As the World Cup kicks off in Germany, mathematicians say they have proved one of soccer's classic clichés — the idea that when a team scores, the resulting confidence boost helps players romp to victory with a flurry of goals.

On a roll: Germany put four goals past Costa Rica at the World Cup. Credit: P. HUGUEN/AFP/GETTY

Although often seen as wishful thinking rather than football fact, such goal fever can be seen in football results stretching back decades, says mathematician Martin Weigel of Heriot-Watt University in Edinburgh, UK.

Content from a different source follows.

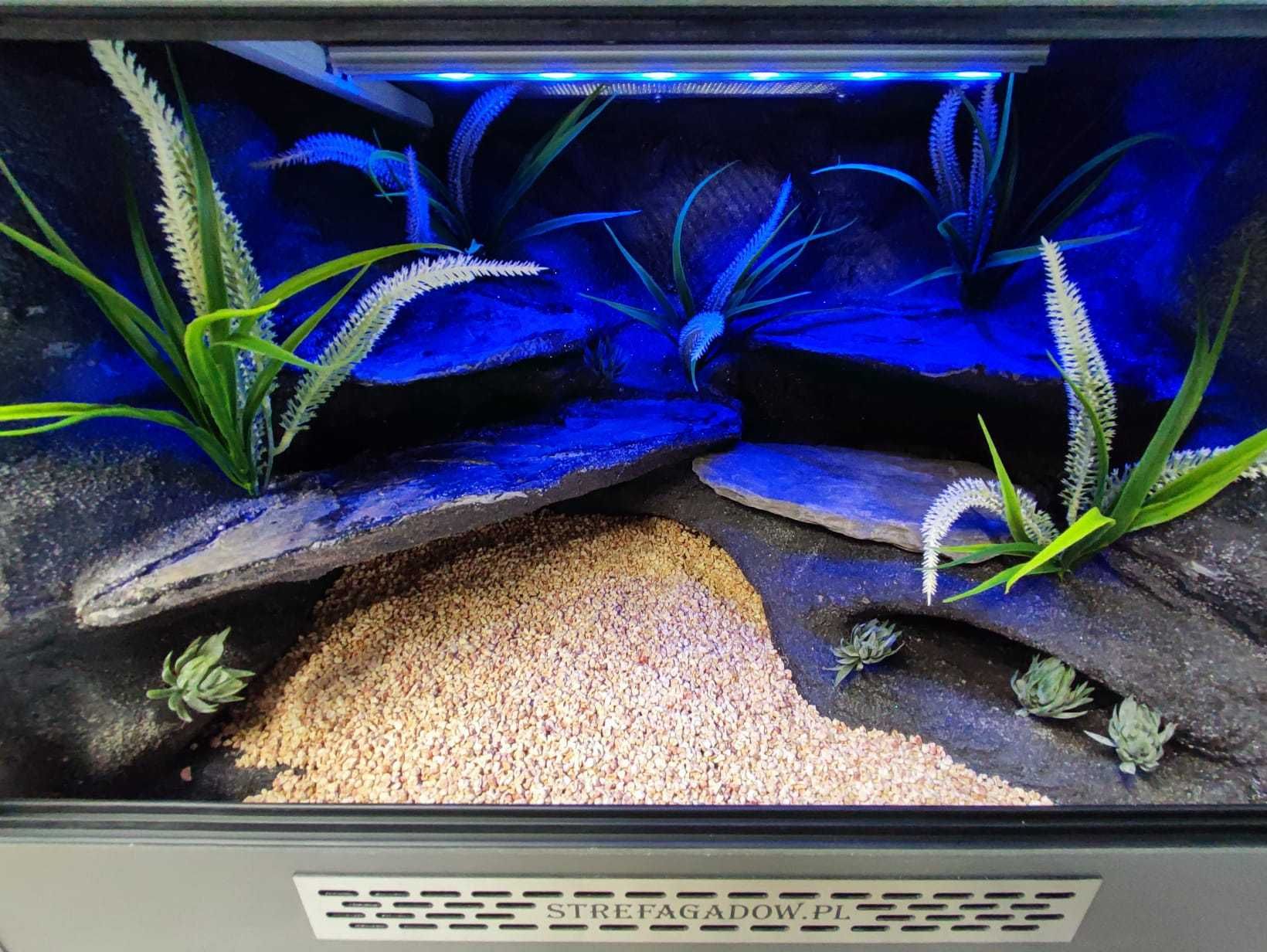 Terrarium pustynne nr657 60/40/40 dla gekona lamparciego NA ZAMÓWIENIE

Much research has been geared towards improving tactics and understanding fan behaviour, but little has been done on factors affecting the distribution of final scores. Small studies carried out since the 1950s have generally assumed that a team has a set chance of scoring in a game — this depends on various factors and remains roughly constant throughout a match. This produces a ‘normal’ distribution of final scores, like a symmetrical bell-curve.

But when Weigel and his colleagues at Germany's University of Leipzig examined results from the German men's and women's league (about 22,000 games) and from the finals of all previous World Cup tournaments (3,400 matches), they found that the scores didn't fit such a distribution: high-scoring games happened far too often.

This suggests that teams don't simply score a number of goals proportional to their skill, but rather are spurred on to greater heights after they score. The researchers designed a model in which a team's chances of scoring are multiplied for every goal, and found that it fitted the skewed distribution of final scores perfectly (E. Bittner, A. Nussbaumer, W. Janke & M. Weigel; preprint available at http://arxiv.org/abs/physics/0606016).

The effect is more noticeable in lower-standard leagues than in the World Cup finals, probably because in higher-quality games teams are more evenly matched and so less likely to gain a psychological upper hand. But the boost gained from scoring is likely to be stronger in football, where goals are relatively rare, than in rugby or basketball, say, where both teams would expect to score reasonably often.

Similar effects can be found in other fields, however. Statisticians refer to situations where the outcome of one experiment influences the outcome of following ones as ‘contagious distributions’. This has been seen with accidents, for example, where one mishap can make someone feel insecure and more likely to suffer further calamities.